Ricek.ID – Melalui pengembangan industri olahraga dan sport tourism, Kementerian Pemuda dan Olahraga (Kemenpora) tegaskan paradigma baru dalam pembangunan olahraga nasional. Kemenpora akan menjadikan olahraga sebagai sektor strategis yang mampu menciptakan pertumbuhan ekonomi, memperkuat citra Indonesia di dunia, serta membuka peluang investasi dan lapangan kerja.
Menteri Pemuda dan Olahraga (Menpora) Erick Thohir dalam siaran persnya pada Jumat (3/7/2026) mengatakan olahraga tidak lagi dapat dipandang sebagai beban anggaran (cost center), melainkan sebagai peluang pendapatan (revenue opportunity) yang memiliki dampak ekonomi luas bagi berbagai sektor.
“Olahraga selama ini dipersepsikan sebagai suatu cost atau beban. Padahal sejatinya olahraga saat ini mesti dilihat sebagai suatu revenue opportunity atau potensi pendapatan dan national branding,” ujarnya
Menurut Erick, perubahan paradigma tersebut sejalan dengan arahan Presiden Prabowo Subianto yang menempatkan olahraga sebagai salah satu instrumen untuk mendorong pertumbuhan ekonomi nasional sekaligus meningkatkan daya saing Indonesia di tingkat global.
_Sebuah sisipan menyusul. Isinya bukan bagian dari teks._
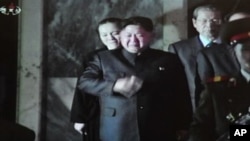 In this December 27, 2011 screen capture from North Korean TV, Kim Jong-Un, son of late N. Korean leader Kim Jong-Il wipes tears as he receives people at the Kumsusan Memorial Palace in Pyongyang on December 26, 2011.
Menpora menjelaskan secara global sektor sport tourism menghasilkan nilai ekonomi sekitar US$625 miliar atau hampir Rp9.800 triliun, dengan pertumbuhan sekitar delapan persen per tahun. Angka tersebut dinilai menunjukkan besarnya peluang yang dapat dimanfaatkan Indonesia sebagai negara yang memiliki kekayaan alam, destinasi wisata, dan potensi penyelenggaraan berbagai event olahraga.
Selain sektor wisata olahraga, industri olahraga dunia juga terus berkembang dengan nilai mencapai US$521 miliar atau sekitar Rp8.000 triliun, dan diproyeksikan tumbuh hingga 25 persen pada 2032.
Untuk memanfaatkan peluang tersebut, Kemenpora mendorong penyelenggaraan lebih banyak kompetisi olahraga yang mampu menggerakkan sektor ekonomi lain seperti perhotelan, transportasi, kuliner, perdagangan, hingga usaha mikro dan ekonomi kreatif.
Salah satu contohnya adalah meningkatnya penyelenggaraan lomba lari di berbagai daerah. Saat ini terdapat sekitar 104 event maraton di Indonesia yang melibatkan lebih dari 10 juta pelari, sehingga menciptakan permintaan terhadap perlengkapan olahraga, akomodasi, serta berbagai layanan pendukung lainnya.
Erick Thohir juga mencontohkan penyelenggaraan ajang internasional seperti MotoGP Mandalika yang telah menghasilkan dampak ekonomi sekitar Rp4,9 triliun. Kehadiran event tersebut turut mendorong pertumbuhan usaha kuliner, penginapan, investasi vila, hingga peningkatan kunjungan wisata ke destinasi lain di sekitar kawasan Mandalika.
Menurutnya, efek berganda (multiplier effect) dari penyelenggaraan event olahraga menjadi alasan pemerintah terus memperkuat ekosistem olahraga nasional melalui kolaborasi lintas kementerian, pemerintah daerah, dan sektor swasta.
Di sisi lain, kompetisi liga olahraga domestik juga dinilai memiliki potensi ekonomi yang besar. Saat ini liga sepak bola nasional diperkirakan menghasilkan perputaran ekonomi sekitar Rp700 miliar, sedangkan liga bola basket mencapai sekitar Rp60 miliar, di luar belanja masing-masing klub.
Karena itu, Kemenpora mendorong lahirnya lebih banyak liga olahraga profesional agar manfaat ekonomi dapat dirasakan semakin luas, sebagaimana yang telah berkembang di berbagai negara maju.
Kebijakan tersebut mendukung implementasi Asta Cita, khususnya dalam memperkuat prestasi olahraga nasional sebagai bagian dari pembangunan sumber daya manusia unggul sekaligus mendorong pertumbuhan ekonomi melalui pengembangan industri olahraga, sport tourism, investasi, dan ekonomi kreatif.
Selain pengembangan industri olahraga, Kemenpora juga terus menjalankan program pembinaan atlet jangka panjang, penyempurnaan regulasi keolahragaan, penguatan kerja sama lintas kementerian, penyusunan skema dana pensiun atlet, serta pemerataan akses pembinaan bagi olahraga disabilitas sebagai bagian dari transformasi ekosistem olahraga Indonesia menuju lebih profesional dan berkelanjutan.